Kerry Co-operative is working on an offer for members to redeem their shares, it has been confirmed.

The option was approved at a meeting earlier this week – however, concerns have been raised in relation to the details of the offer, with fears of substantial tax bills from any conversions.

Speaking to AgriLand, a source close to the co-op board confirmed that an offer is being worked on but is not yet tabled, adding that no details are being disclosed as of yet.

There’s no offer on the table yet; we have to prepare a letter of offer. But it’s not there yet.

“There will be an offer for people to redeem their shares in Kerry Co-op but the fine detail isn’t there yet so I don’t want to comment on it,” the source added.

Meanwhile, the co-operative is to get a valuation of Kerry Agribusiness, with the board continuing to weigh up its option to buy the business from Kerry Group.

“We have served notice to get a valuation but we don’t know what the valuation is.

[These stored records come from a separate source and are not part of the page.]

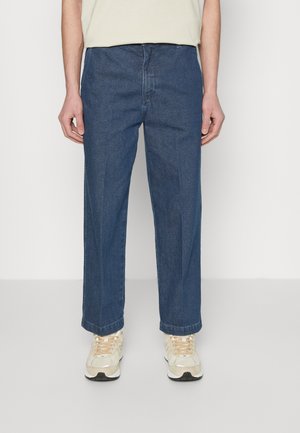 Mand iført blå denimjeans med lige ben og beige sneakers, stående mod en ensfarvet, lys baggrund.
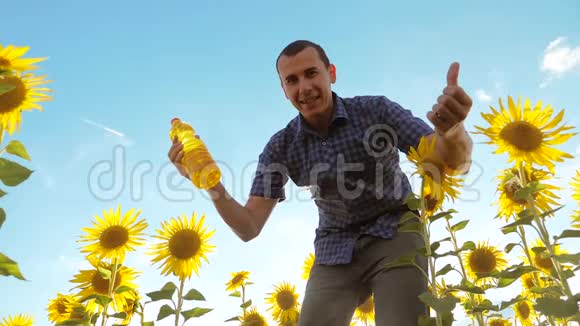 男人手里拿着一个生活方式塑料瓶葵花油站在田野里慢速视频视频的预览图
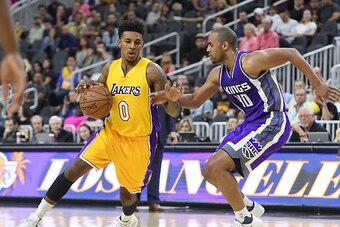 LAS VEGAS, NV - OCTOBER 13:  Nick Young #0 of the Los Angeles Lakers drives against Arron Afflalo #40 of the Sacramento Kings during their preseason game at T-Mobile Arena on October 13, 2016 in Las Vegas, Nevada. Sacramento won 116-104. NOTE TO USER: Use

So the process will be: Kerry Group provide the valuation; then the board have to decide if that’s worth it or not.

“It’ll be three months down the road before we get that.”

Concerns

Members of Kerry Co-operative Shareholders Alliance have expressed concerns with the mooted buy-out option being prepared by the board, with fears that the deal could be subject to 55% income tax for any member seeking to cash out.

“This 55% tax that they’re offering, that’s the same as a no-deal Brexit; it’s unthinkable – no one in their right mind would want it,” one member of the alliance told AgriLand.

The only winners out of such a deal would be “stockbrokers who invested in co-op shares for pension funds”, the member claimed.

The shareholder group is pushing instead for a full spin-out which would be subject to 33% Capital Gains Tax (CGT).

The group believes that, with many shareholder dairy farmers having invested in milk quotas in previous decades, the loss of such quotas could be offset against CGT for share conversion.

“If you have any kind of capital loss to offset against them, whether it be bank shares or expensive property you’ve bought which has fallen in value since – and obviously the quotas as well. So a lot of people would end up paying less than the 33% tax.

“The average dairy farmer has €230,000 to gain if Kerry Co-op was to be liquidated,” the shareholder told AgriLand.

A 33% tax bill would amount to approximately €76,000, not counting any milk quota or other loss that could be offset against the sum.

Should an offer be tabled with the feared 55% tax, €230,000 worth of shares being sold would produce a tax bill of €126,500, the member warned.

With no figures yet offered by the co-op board, interested parties will have to wait until the next meeting of the board in a month’s time.